Probably the most common thing is a tteockbokki, which includes rice noodles, hard boiled eggs, and flat fish noodles (odaeng), all drenched in a spicy red sauce. Like all street food here, it is a a cheap option (about 2 bucks) which will definitely fill you up. Tteockbokki stands also usually serve odaeng on a stick. Busan, being the biggest port city, is famous among Koreans for its odaeng. Interestingly, bowl-cups are provided for people to drink the water used to boil the odaeng noodles. The warm odaeng water has a strong fish flavor, but seems to help if your mouth is burning from the spice.

Odaeng sticks and Tteokbokki

Odaeng with a ladle for jus de odaeng
Another commom street food is dalkoji, which is basically chicken on a stick. This comes in both deep fried and grilled varieties. The spicy flavor of this thing is almost unbearably hot. Koreans don't f-around with spiciness, and this is the hottest of the hot.

deep friend dalkoji
Dalkoji is not the only thing that gets fried. Another kind of vendor sells everything deep fried, including rice and seaweed rolls (kimpap), peppers, squid, and sweet potatoes. This was a fun one to eat. Instead of ordering and paying in advance, you just grab a plate and fill it with whatever you want. You can eat it alone or dip in soy sauce or spicy red sauce. After you are finished, you let the vendor know how many of what you ate, and pay as you leave.

Fried stuff

Sweet Potato Fries
The scene round the deep fry stand

Another great option is roasted chestnuts. Even though I guess people eat these in America, or at least sing about them at Christmas time, I think this was the first time I tried them. They are served either in the shell or with the shell removed ("nude").

Nut Stand
Finally, something sweet. Many of the vendors serve different kinds of bread, little pastries, and crunchy rice cakes. But best of all is Hopta. Hopta is a fried bread with a sweet nutty filling inside. The best hopta is served with crushed nuts on the top, and served in a cup for some reason.


Egg bread
Ok, so I'll end with something weird. Can you see inside the second pot in the picture below?

How about a closer look??

This is bundigi, or silkworm larvae. This little bug is boiled in big, steaming, pungent pots and served in a paper cup. You can stab the little critters with a toothpick, unless you prefer to dump a lot in your mouth all at once. At least they're dead. HOWEVER, I know for a fact that live silkworm larve is sometimes served with Korean bbq (where eaters grill their meat at the table). Here, the silkworms are still alive and moving, before you plop them on the grill.
Anyway, here is my review:

By the way, I was with a korean who didn't know the english for "silk worm larvae". The cell-phone translator came up with "chrysalis, pupa". So, at the time I thought I was eating a butterfly. But no, it is actually silkworm.
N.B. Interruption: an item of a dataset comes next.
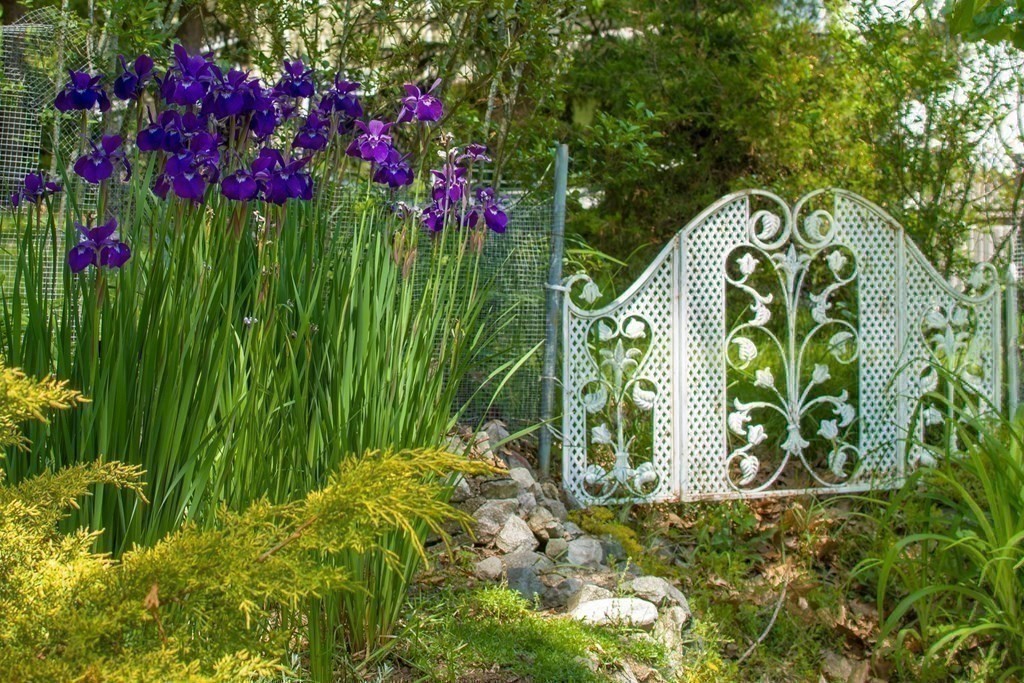 68 Dothan Street Arlington, MA 02474 - Photo 34 of 42 a view of a bunch of flowers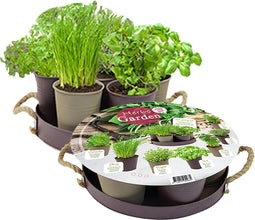 Herb Festival - 7 Potjes Kruiden - Taupe - Kruidenzaden - Baltus Zaden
  1. Quite the culinary tour, Graham! Did you actually eat everything that you pictured/described? Was this a 2 week project, or did you accomplish it in one day?
    Still having a great time in Puerto Rico!

  2. Graham, the food really does not entice me, I still like turkey and gravy! But what an experience you are having. Enjoy!
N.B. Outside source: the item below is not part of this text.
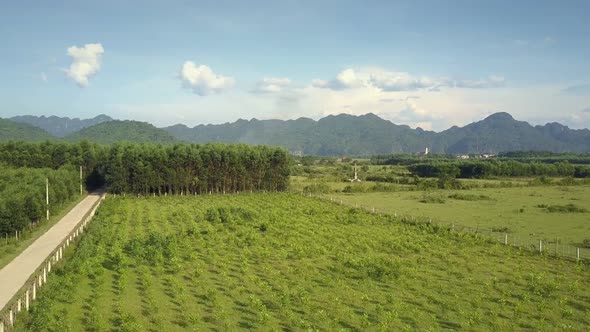 Aerial Motion Above Corn Field and Grove Near Village on Day alt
  3. everytime you post about food, i get supremely jealous.

    "Typically, the food is served on a plate, utensils are provided, and you are expected to finish the food at the stand."
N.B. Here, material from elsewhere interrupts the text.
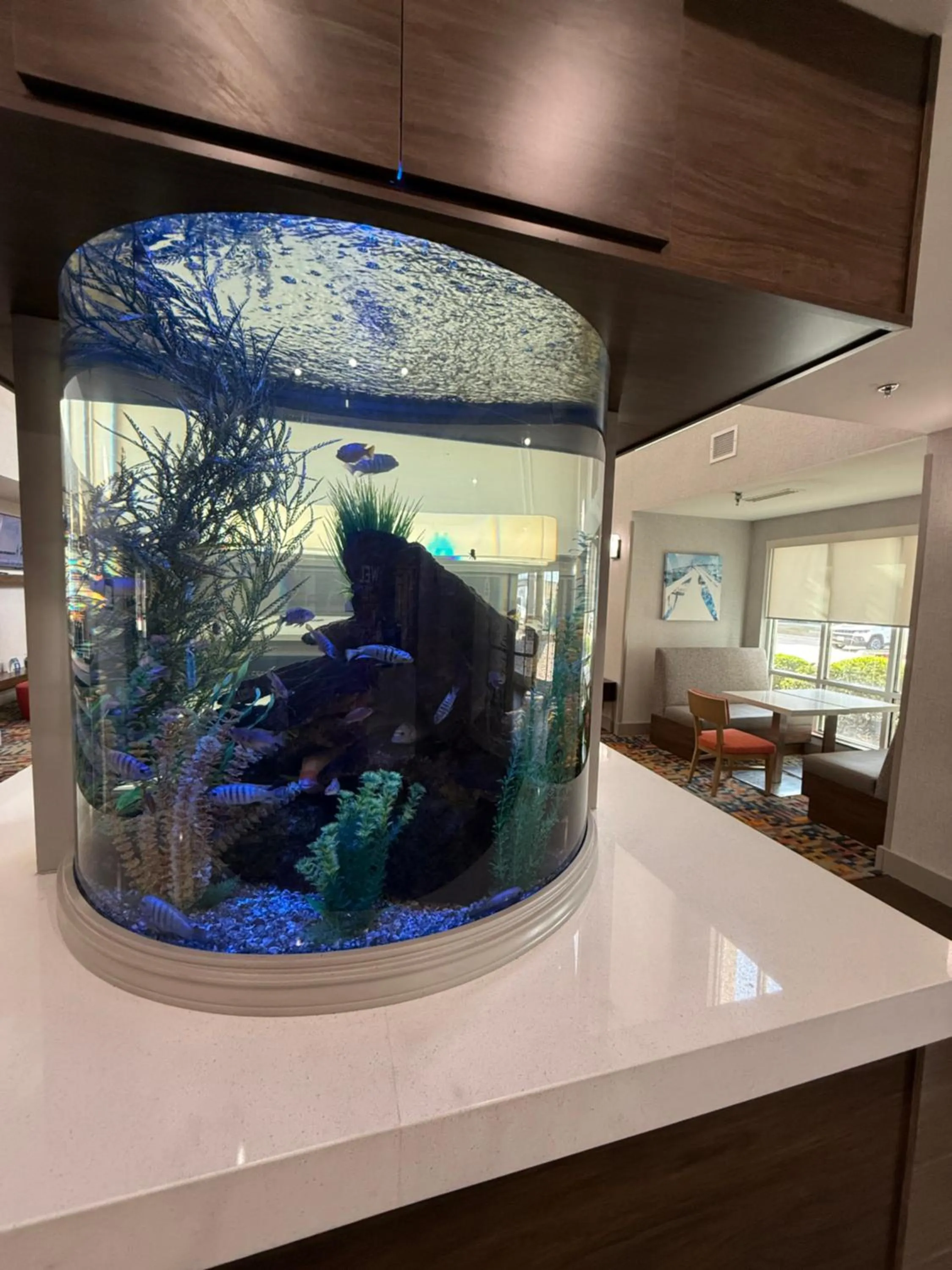 Library in Hampton Inn & Suites Corpus Christi I-37 - Navigation Boulevard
    this sounds like a really good idea. do they have sinks at their booths? or do they bring all the plates/silverware home and then wash them?

  4. I didn't think about the plate/utensils issue until Ben's post. There is potential for some serious sanitary issues. But, I'm paranoid. I'm sure you're managing.
    I think of you when I eat cheese now.

  5. Yo GRAH-HAMMMM!!! I hadnt been on your blog for a while, I love it. Do lots of foreigners get sick? I just remember of all the bed ridden americans in guatemala after eating street tacos and pupusas. nowhere near silkworm larve. Well, I will be checking the blog more often. Your last post was really wonderful, thanks for being so honest about your experience. The pics are great, but that was almost better, love the insight. Im thinking about you alot!!!